Art. 2.
Lo statuto della seconda Universita' di Roma, approvato e modificato con i decreti sopraindicati, e' ulteriormente modificato come appresso.
Il punto 1) dell'art. 11 - facolta' e corsi di laurea - e' soppresso e cosi' sostituito:
1) facolta' di giurisprudenza, con i corsi di laurea in giurisprudenza ed economia e commercio.
L'art. 30 - corsi di laurea - e' soppresso e cosi' sostituito:
Art. 30 - Corsi di laurea. - La facolta' di giurisprudenza conferisce la laurea in giurisprudenza ed in economia e commercio.
Dopo l'art. 34 e' inserito, con il conseguente scorrimento della numerazione degli articoli successivi, il seguente nuovo art. 35, relativo al corso di laurea in economia e commercio.
Art. 35 - Corso di laurea in economia e commercio. - A) La durata del corso per la laurea in economia e commercio e' di quattro anni.
B) Possono chiedere l'iscrizione al corso di laurea in economia e commercio coloro che siano in possesso di titolo di studio idoneo per legge.

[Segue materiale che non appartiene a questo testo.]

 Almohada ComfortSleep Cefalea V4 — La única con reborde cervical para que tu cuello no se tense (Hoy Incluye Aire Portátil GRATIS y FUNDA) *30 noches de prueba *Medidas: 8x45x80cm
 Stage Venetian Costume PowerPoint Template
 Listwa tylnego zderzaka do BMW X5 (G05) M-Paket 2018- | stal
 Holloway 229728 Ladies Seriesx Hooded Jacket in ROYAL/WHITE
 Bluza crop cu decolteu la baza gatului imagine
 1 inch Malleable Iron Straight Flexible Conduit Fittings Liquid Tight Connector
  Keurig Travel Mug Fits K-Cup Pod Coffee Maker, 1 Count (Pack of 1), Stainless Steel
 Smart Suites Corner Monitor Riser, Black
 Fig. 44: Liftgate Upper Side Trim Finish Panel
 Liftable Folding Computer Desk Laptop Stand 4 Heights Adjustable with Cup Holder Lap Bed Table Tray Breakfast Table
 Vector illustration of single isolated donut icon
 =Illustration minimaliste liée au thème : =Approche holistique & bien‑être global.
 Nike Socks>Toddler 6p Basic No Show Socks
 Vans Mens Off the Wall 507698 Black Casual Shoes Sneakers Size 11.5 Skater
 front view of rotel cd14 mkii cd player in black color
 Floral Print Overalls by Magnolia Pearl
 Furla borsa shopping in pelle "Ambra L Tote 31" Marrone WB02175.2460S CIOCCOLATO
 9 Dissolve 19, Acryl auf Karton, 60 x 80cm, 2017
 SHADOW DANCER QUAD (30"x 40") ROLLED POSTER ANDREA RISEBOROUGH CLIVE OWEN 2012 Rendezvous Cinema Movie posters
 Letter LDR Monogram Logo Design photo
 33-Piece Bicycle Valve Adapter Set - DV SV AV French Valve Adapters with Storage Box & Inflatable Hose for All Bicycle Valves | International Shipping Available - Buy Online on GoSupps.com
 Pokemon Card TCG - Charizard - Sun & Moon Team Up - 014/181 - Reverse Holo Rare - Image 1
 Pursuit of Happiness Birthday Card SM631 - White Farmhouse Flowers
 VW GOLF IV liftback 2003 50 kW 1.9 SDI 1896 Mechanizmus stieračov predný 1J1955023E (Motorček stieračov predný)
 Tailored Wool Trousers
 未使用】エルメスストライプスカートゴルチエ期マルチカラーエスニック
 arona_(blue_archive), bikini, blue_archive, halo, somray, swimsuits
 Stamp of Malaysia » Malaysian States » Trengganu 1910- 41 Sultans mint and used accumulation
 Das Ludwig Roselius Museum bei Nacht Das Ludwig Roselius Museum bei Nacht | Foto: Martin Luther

C) Sono insegnamenti fondamentali del corso di studi per la laurea in economia e commercio in conformita' alla tabella VIII dell'ordinamento didattico universitario:
1) istituzioni di diritto privato;
2) istituzioni di diritto pubblico;
3) diritto commerciale (biennale);
4) matematica generale;
5) matematica finanziaria (biennale);
6) statistica (biennale);
7) economia politica (biennale);
8) diritto del lavoro;
9) scienza delle finanze e diritto finanziario;
10) economia e politica agraria;
11) politica economica e finanziaria;
12) storia economica;
13) geografia economica (biennale);
14) ragioneria generale ed applicata (biennale);
15) tecnica bancaria e professionale;
16) tecnica industriale e commerciale;
17) merceologia;
18) lingua francese o spagnola (triennale);
19) lingua inglese o tedesca (triennale).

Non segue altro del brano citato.